- [Action item] Leave out the pictures and repeat every record exactly.
+-------+
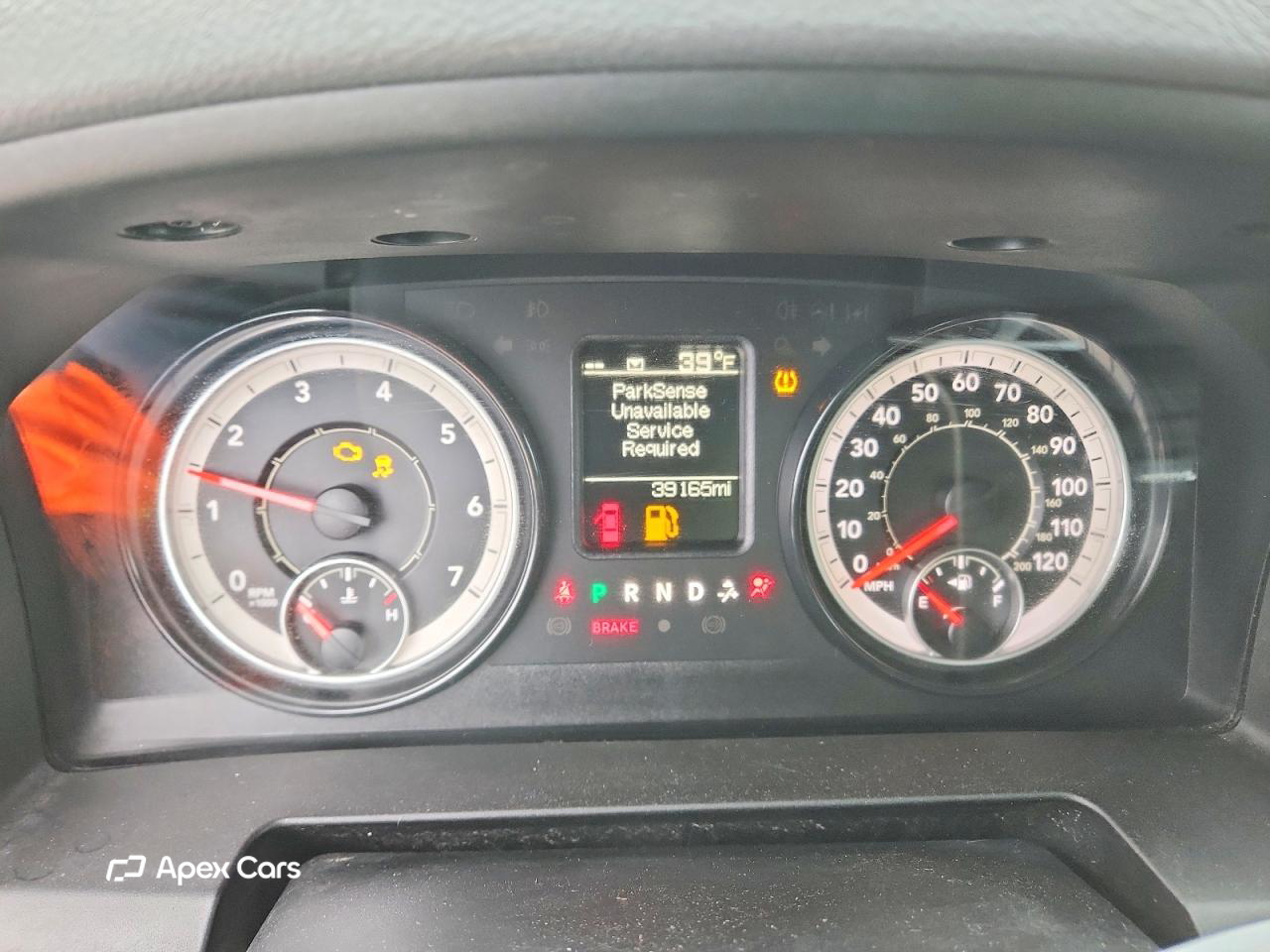 RAM 1500 2020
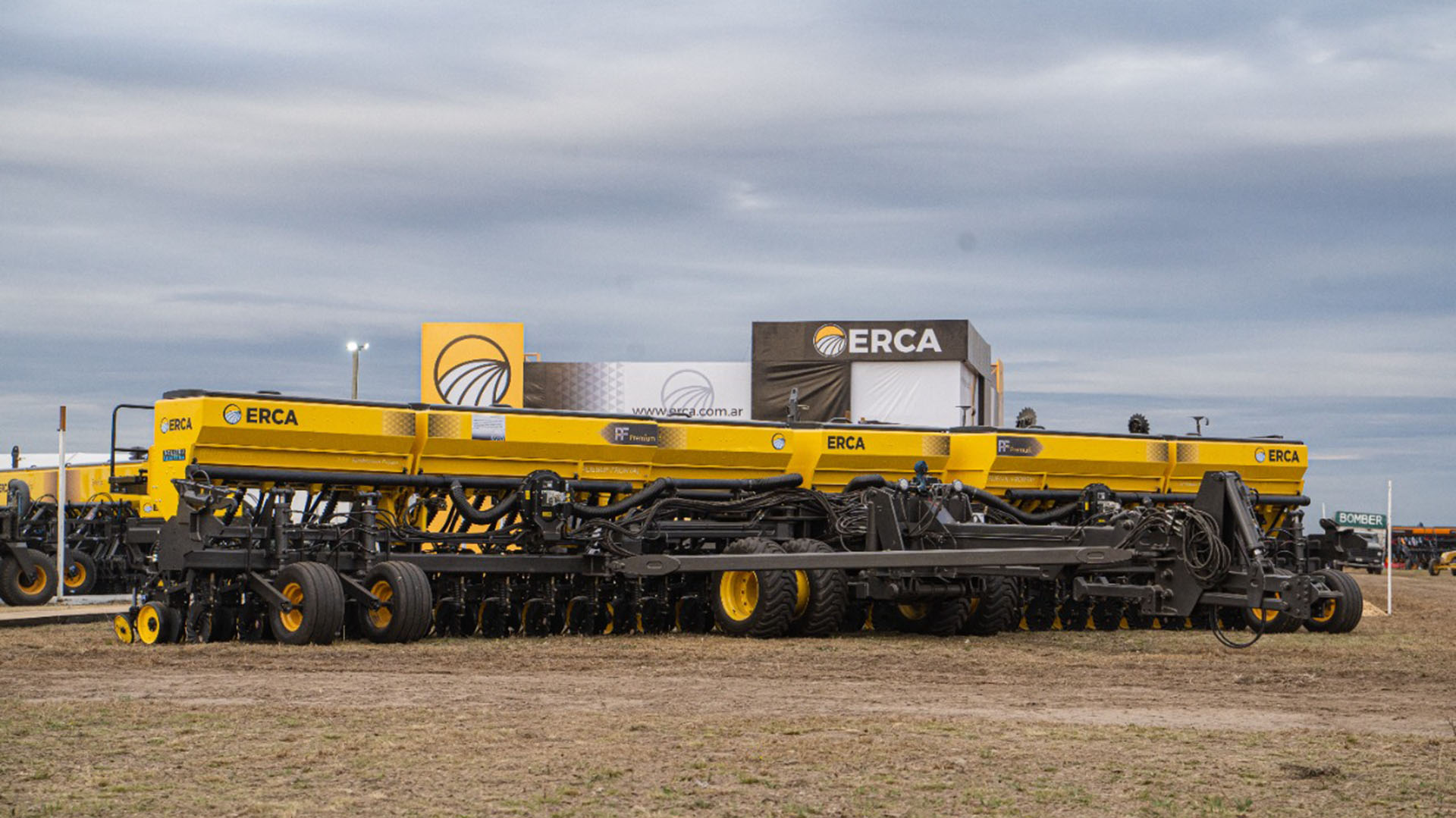 Las sembradoras de Erca forman parte de una nueva edición de Agroactiva. (ERCA)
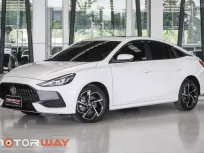 MG 5 1.5 X สีขาว Arctic White ปี 2022 จด 2023 วิ่ง 11,xxx km.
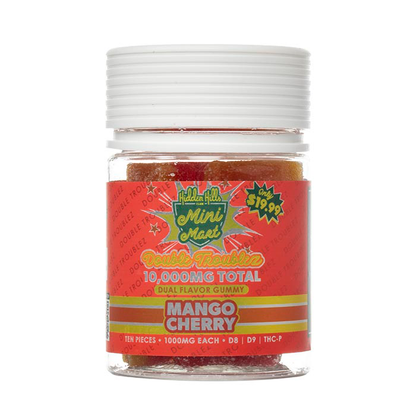 Hidden Hills Double Troublez Gummies 10000mg - Smoke empire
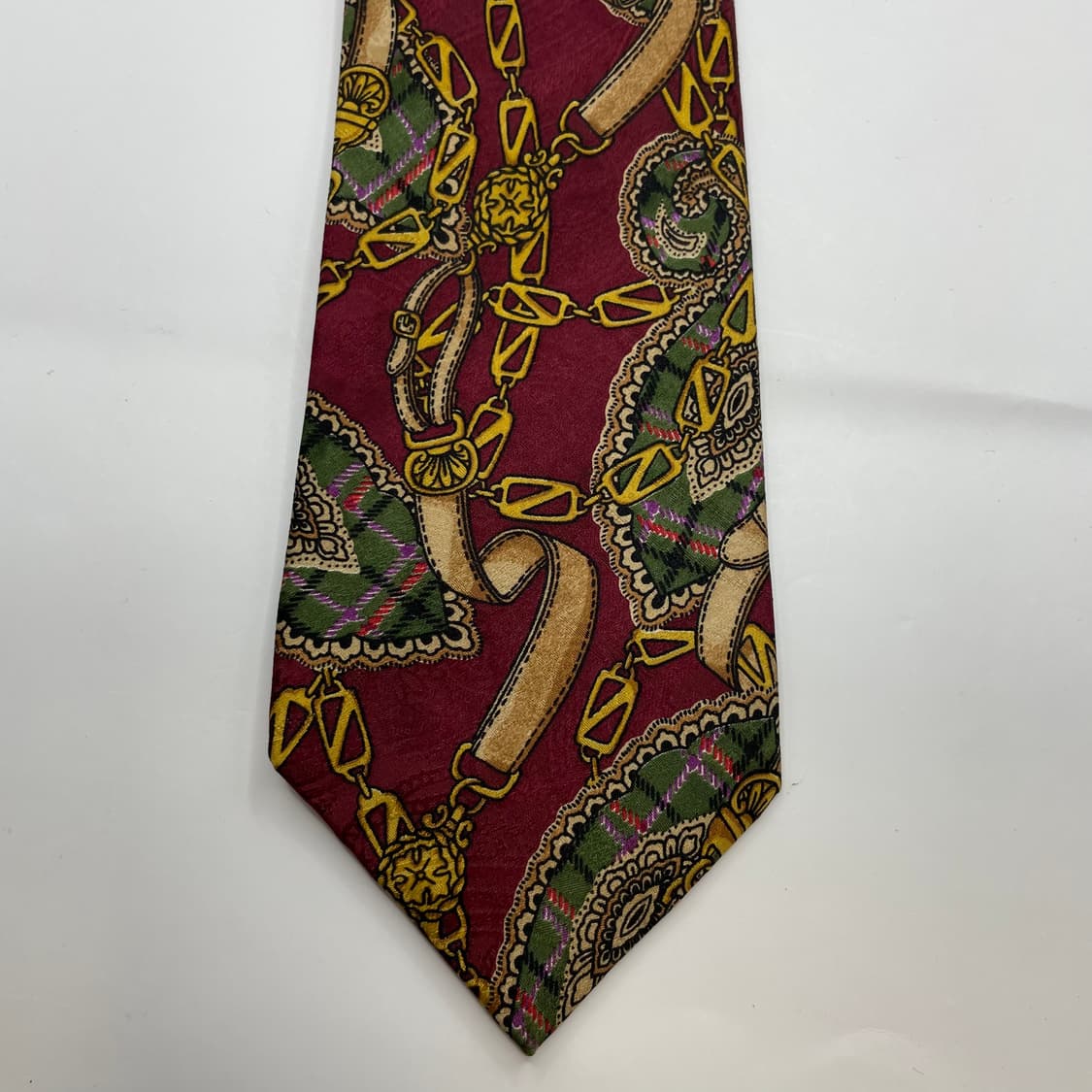 805) (BURBERRYS) 버버리 패턴 넥타이 상품이미지3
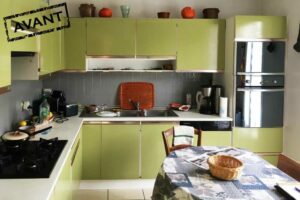Anne Lise T Architecte Dinterieur Mios Renovation De 2 Cuisines – Gujan Mestras 0118
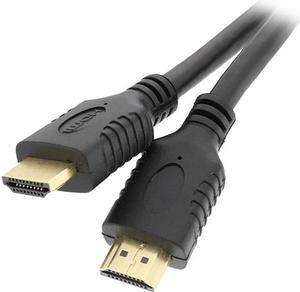 Nippon Labs 4K HDMI Cable 50ft-HDMI 2.0 Cable, Supports 1080p,3D, 2160p, 4K 60Hz, HDR, ARC, 18Gbps, CL3 for in-Wall Installation, 24AWG HDMI Cord for Most of HDMI Devices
+-------+
- [Solution to this exercise]
 RAM 1500 2020
 Las sembradoras de Erca forman parte de una nueva edición de Agroactiva. (ERCA)
 MG 5 1.5 X สีขาว Arctic White ปี 2022 จด 2023 วิ่ง 11,xxx km.
 Hidden Hills Double Troublez Gummies 10000mg - Smoke empire
 805) (BURBERRYS) 버버리 패턴 넥타이 상품이미지3
Anne Lise T Architecte Dinterieur Mios Renovation De 2 Cuisines – Gujan Mestras 0118
 Nippon Labs 4K HDMI Cable 50ft-HDMI 2.0 Cable, Supports 1080p,3D, 2160p, 4K 60Hz, HDR, ARC, 18Gbps, CL3 for in-Wall Installation, 24AWG HDMI Cord for Most of HDMI Devices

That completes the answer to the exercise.